The crowd here definitely leans to an older demographic, although one can’t help but suspect that Wrembel’s audience will widen when the jam crowd learns about what’s going on here. The band delivers a number of space jazz improv jams, and Wrembel also comments on a variety of intriguing spiritual concepts. This includes a little commentary on Buddhism, where he speaks of everything being a cycle as way of introducing “The Edge”. This one has more of a old school Django Reinhardt toe-tapping flavor as the set continues in a delightful fashion. This is followed by the melancholy “Tsunami”, which Wrembel says was inspired by watching the footage of last year’s cataclysmic tidal wave disaster in Japan. These are the first four songs from Origins and display a diverse sonic sensibility.

Then Wrembel dips back to his first album for a song he says was inspired by a club in New York City that the band played at every week for ten years, where they had the opportunity to stretch out and explore. This leads to some more great jazzy jamming and interplay. “Back to the Light” and “The Child’s Dream” keep the set flowing, with Wrembel implying that he even remembers being born. Wrembel goes on to note how “The Selfish Gene” was inspired by a scientific book of the same name for “non-scientists” that he calls a “life changer”, by Richard Dawkins. It’s another upbeat tune with fluid riffing as Wrembel zips around the fretboard.

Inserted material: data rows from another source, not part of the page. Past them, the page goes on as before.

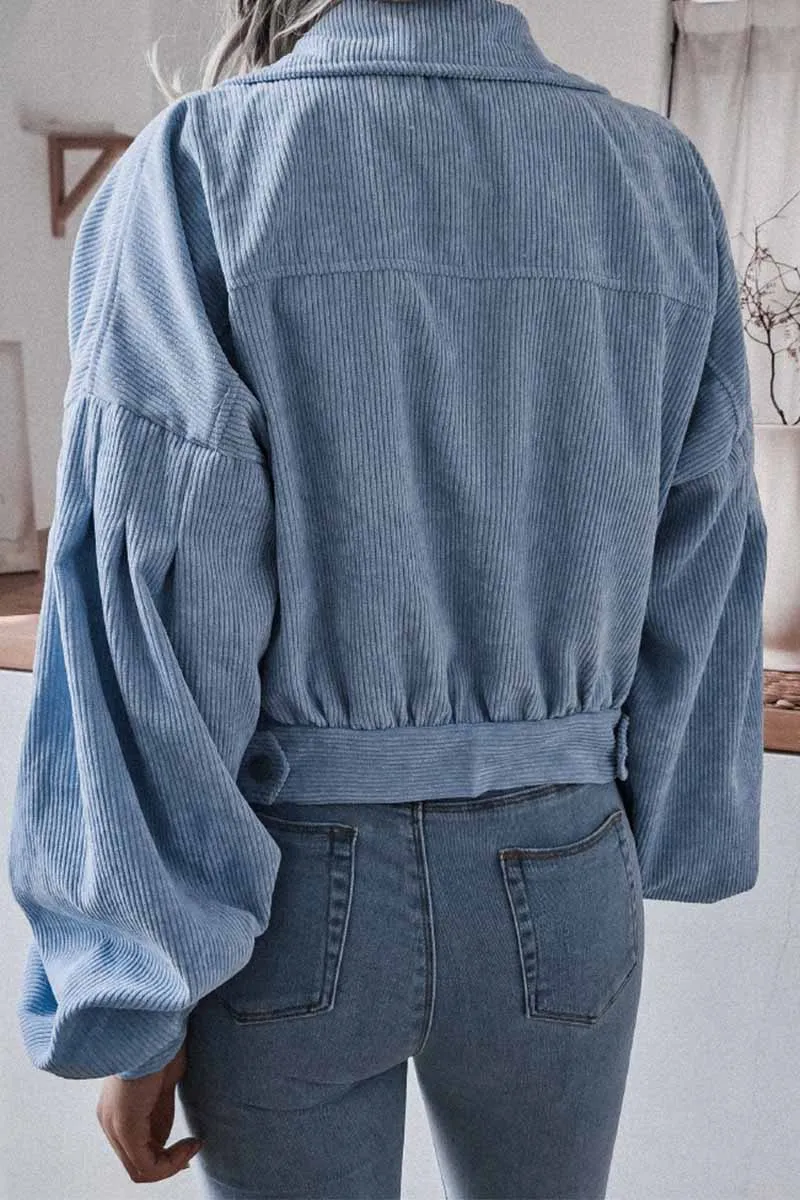 Corduroy Long Sleeve Coat Tops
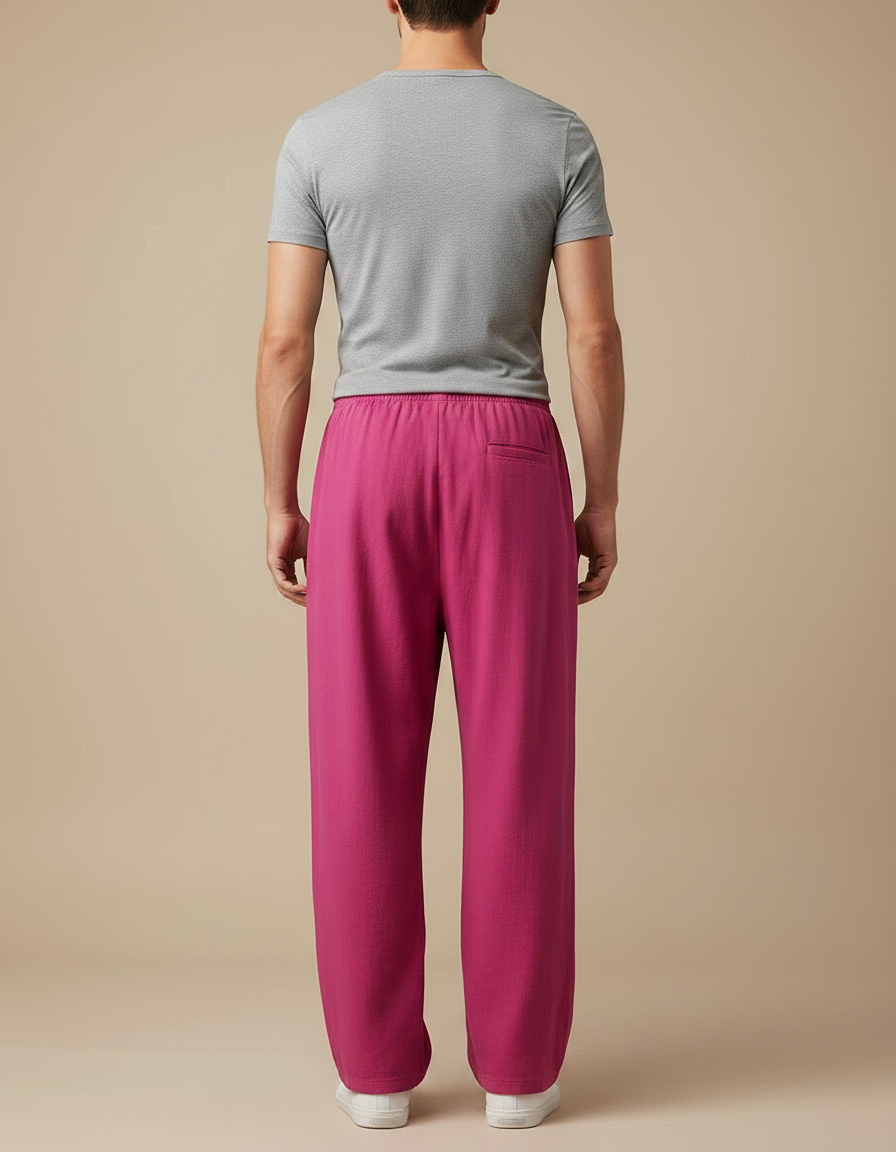Pantalon Chinois Rose Ample Coton Décontracté Homme - vue 2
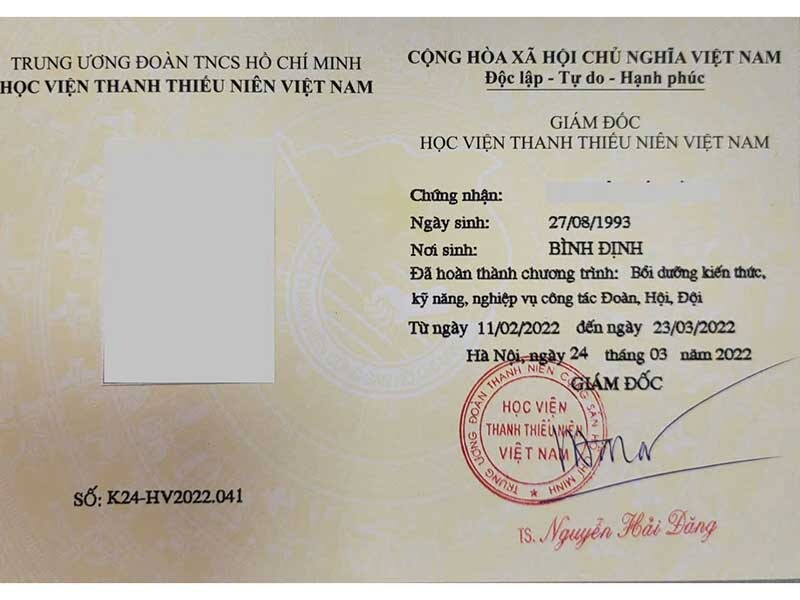 Chung Chi Boi Duong Kien Thuc Ky Nang Nghiep Vu Cong Tac Doan Hoi Doi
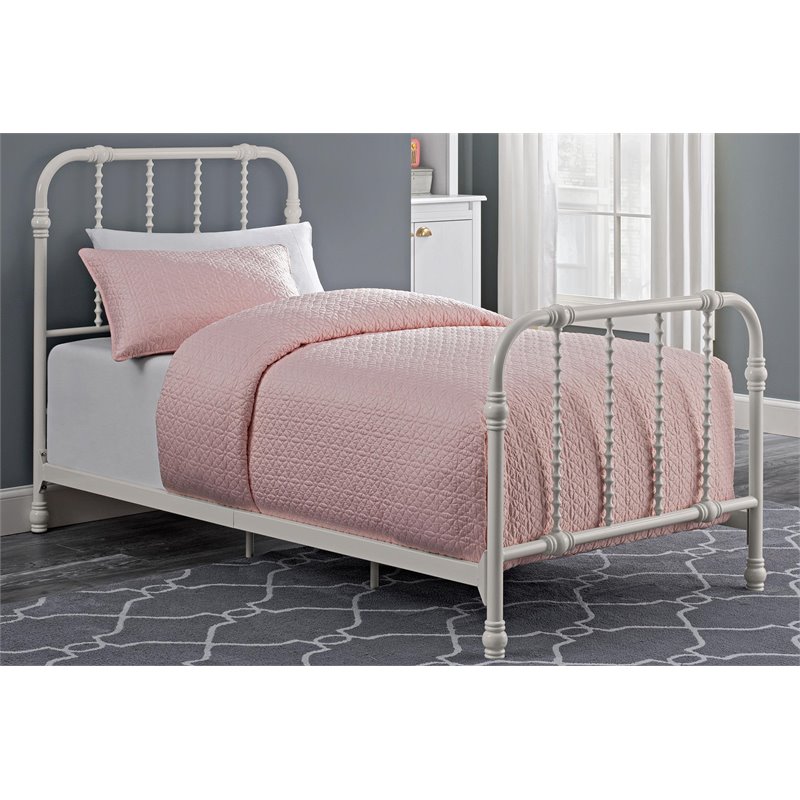 DHP Jenny Lind Metal Twin Bed in White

Wrembel introduces “Voyager” as a tribute to legendary astronomer Carl Sagan, whom he compliments as able to translate the wonders of the world into words, forcing us to question our place in the universe. This is also something that great music can do, taking the listener on a journey into metaphysical energies that can uplift the soul or lead to new revelations and pathways of discovery. This might seem like a lost art if one were to judge only by mainstream music. But it’s alive and well in the jam rock scene and it’s refreshing to see an artist like Wrembel keeping the tradition alive in the jazz sphere.

“Voyager” is one of the highlights of the Origins album and of the show, as the musical explorations do indeed seem to take the listener on a thought provoking journey into the nature of the cosmos. Maybe the margaritas and bourbon smashes are partly responsible, but it does feel almost as if the audience has been transported to a spacecraft for a little cosmic sightseeing. There’s also a great drum jam where the percussionists are left to do their thing as a dynamic duo.

“San Diego is a beautiful city and I hope you are happy here, otherwise something is wrong with you,” Wrembel says playfully at encore time before he leads the band through another tune to end the show. San Diego is a nice city with almost perfect weather throughout much of the year, although the local music scene does tend to lag well behind Los Angeles and San Francisco. But it’s hard to think of a better way to enjoy a gypsy jazz show than outdoors at The Cosmopolitan on a gorgeous summer night in Old Town.